We could make Glasgow great again if London and Edinburgh can get along
Glasgow is the fifth largest city in the UK, easily the biggest in Scotland, though still smaller than it was 50 years ago. The Dear Green Place, more aptly tagged “No Mean City” in the 1930s, was once the second city of the empire, a global hub of shipbuilding and coal-mining, beautified by trade barons and stuffed to the gunwales with workers.
Next month, the city will host Cop26, the United Nations-sponsored global conference on climate change. It is the UK’s moment in the spotlight, and while it is a huge opportunity for the government to stake out its leadership on environmental issues, it is also a stage on which Glasgow can strut, a stage of the kind it has not had for decades.
Cards on the table: my family is from the west of Scotland, my parents grew up in the suburbs around Glasgow and it was the grimy but flickering star around which everything revolved. So in my bones I want to see it do well.
But reviving Glasgow’s fortunes—and there is so much to do—would be the perfect expression of “levelling up”, breathing new life and new prosperity into an ailing industrial giant.
The challenges are severe. Even after controlling for deprivation, the statistics show that life expectancy in Glasgow is among the lowest in Europe. A quarter of Glaswegian men—take your time over this, one in four of them—will not see 65. A 2008 study found that male life expectancy in Calton, in the East End, was 54. Fifteen per cent of adults were claiming out-of-work benefits before the pandemic, and 30 per cent of the working-age population was economically inactive.
This would, should, be a golden opportunity for the UK government and the devolved administration in Edinburgh to pool their strategic thinking, new ideas, rescue plans and all the rest, and use the international focus of Cop26 as a springboard to say: this is Glasgow. These are its problems, but this too is the spirit of its people. And in five or ten years, we will have helped them transform it.
That won’t happen, because Whitehall simply cannot trust the SNP as partners in serious development and investment.
We know, from what we’ve seen, that everything will be twisted to suit the narrative of independence: the Scottish government was accused earlier this summer of sitting on £700m allocated by Whitehall for Covid relief; and when the UK Supreme Court just this month ruled that two bills passed by Holyrood were not valid as they did not engage its legal powers, the SNP responded by accusing the court of being a Tory stooge and called the decision “morally repugnant”.
First minister Nicola Sturgeon has proved, then, that the independence message will trump all other considerations. We see the effects in Glasgow itself (where Ms Sturgeon is an MSP, let us not forget).
Since 2017, Glasgow City Council has officially been under “no overall control”, but the SNP is the largest party and the council leader is a nationalist, Susan Aitken.
Glasgow is filthy. Fly-tipping has become prevalent across the city, and the council is simply not able to deal with the backlog from the suspension of collections during the pandemic; worse, it has introduced new charges for bulk uplift.

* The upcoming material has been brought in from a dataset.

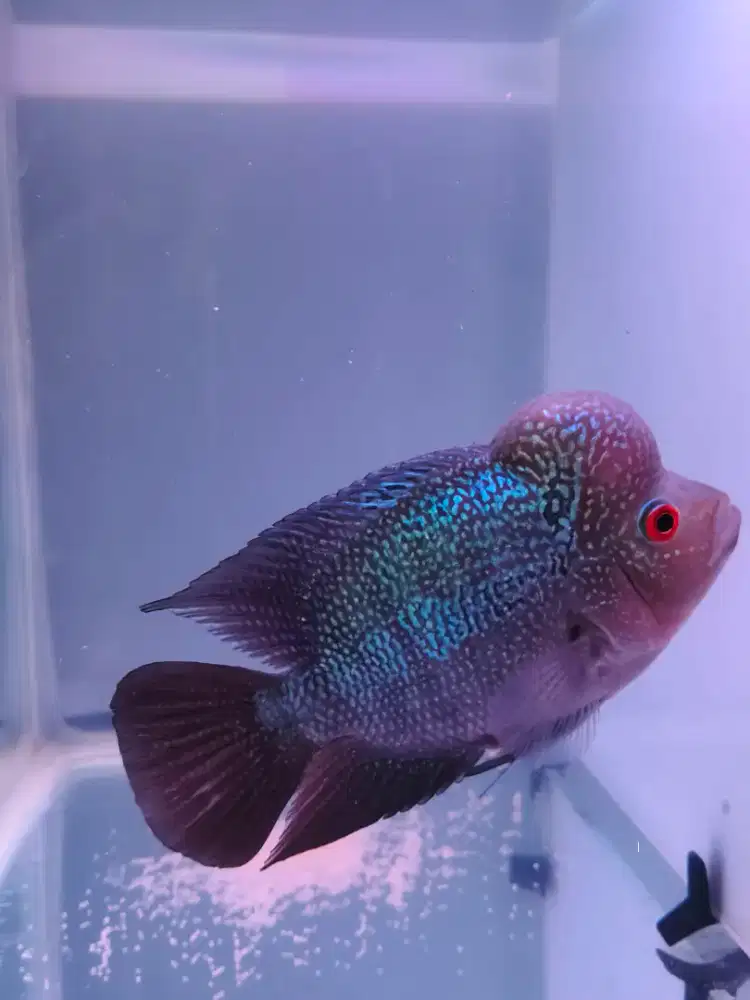 Ikan Louhan Betina Jenong Bertelur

Rotting waste and rats in the street are no longer unfamiliar.
Cllr Aitken will have none it. Glasgow “looks great”, she says. She dismissed the problem of Cop25 delegates arriving to a city covered in graffiti as simply the result of “a wee ned with a spray can”. This is one prong of the SNP approach: we are not—cannot be—responsible. The other, of course, is that independence is the cure.
So here’s a challenge for you: let’s make the Glasgow Economic Recovery Group (the council’s collection of experts) into a much weightier proposition.
Let’s have London and Edinburgh involved, the public sector and the private sector too. Set an ambitious development programme for five and 10 years. Prove that you can be trusted partners, put aside separationist chatter in this context, and let’s all make it work.
The great irony is, if it does work, people might think independence is worth a vote. I’m willing to take that risk. Glasgow needs to be back on its feet again. If not now, when?